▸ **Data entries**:
-----

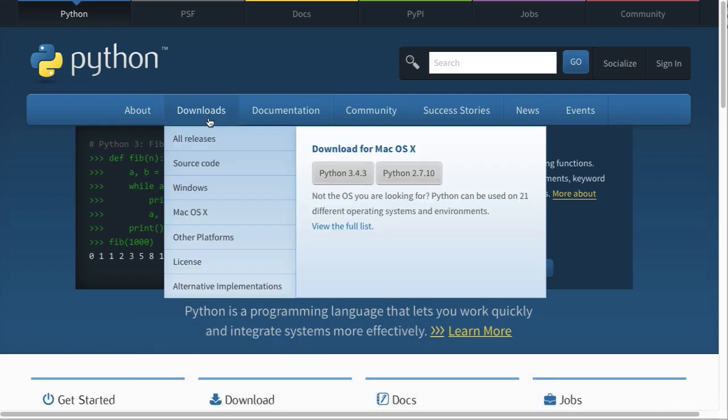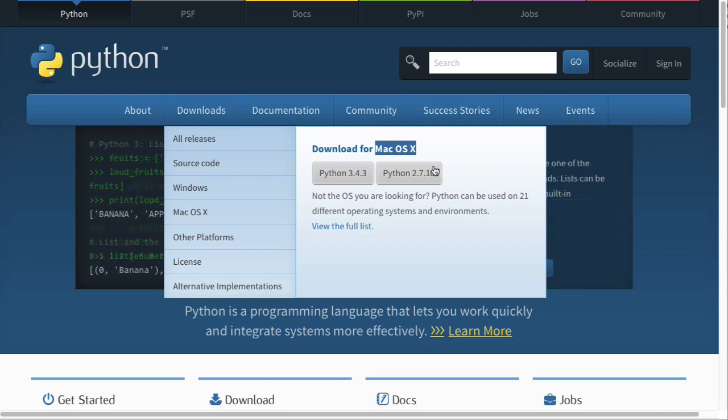If you go into the download section, you'll see here a download for, in my case, macOS 10. If you're using a Windows computer, you'll see Windows. We want to download Python 3.4.3.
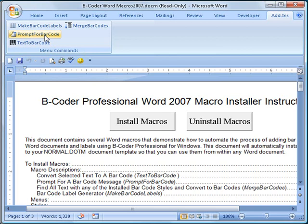The Make Barcode Labels macro is designed as a wizard that will walk you through the process of creating either incrementally numbered barcode labels or labels that all contain the same barcodes.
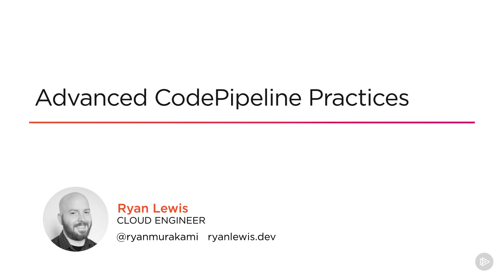There's more to CodePipeline than just building and deploying. In this module, we're going to look at some of the more advanced features of CodePipeline.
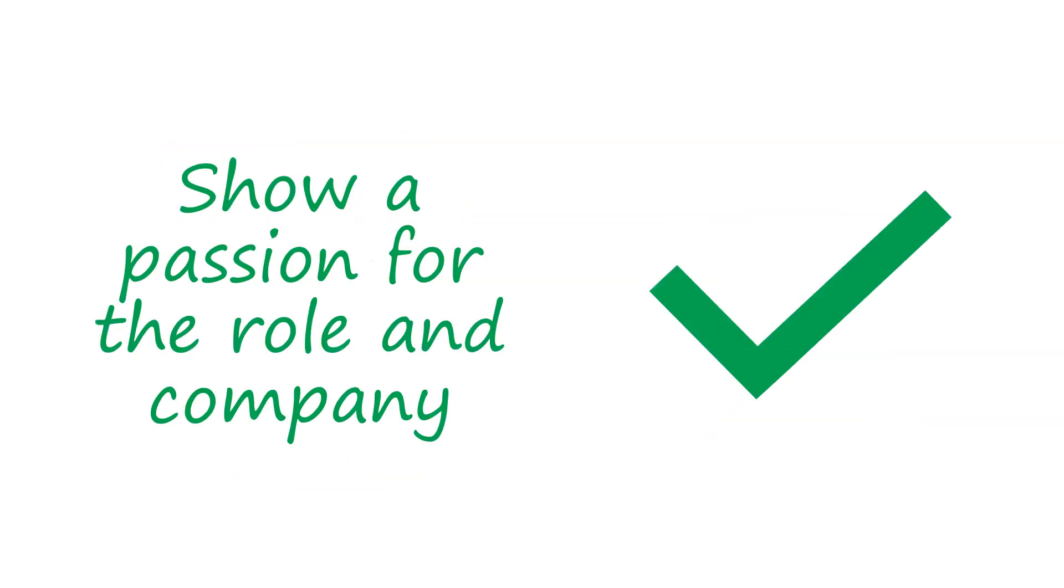You also need to show passion for the role and the company itself. So do your homework, look into the company, what are they good at, show a couple of compliments in the letter about the company, things like that.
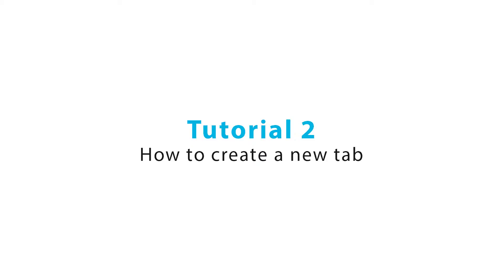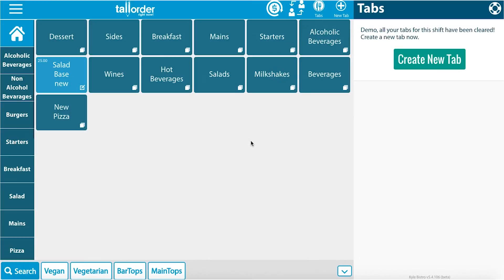Welcome to the Tool Audio how-to videos. Today I will show you how to create a new tab. Here in front of you you can see the point of sale. There are a few ways you can create new tabs.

-----

▸ **Work task**:
Please output exactly the lines of the data above, from its first line through the line with "The Make Barcode", and nothing else; drop the pictures.

▸ **Exercise solution**:
If you go into the download section, you'll see here a download for, in my case, macOS 10. If you're using a Windows computer, you'll see Windows. We want to download Python 3.4.3.
The Make Barcode Labels macro is designed as a wizard that will walk you through the process of creating either incrementally numbered barcode labels or labels that all contain the same barcodes.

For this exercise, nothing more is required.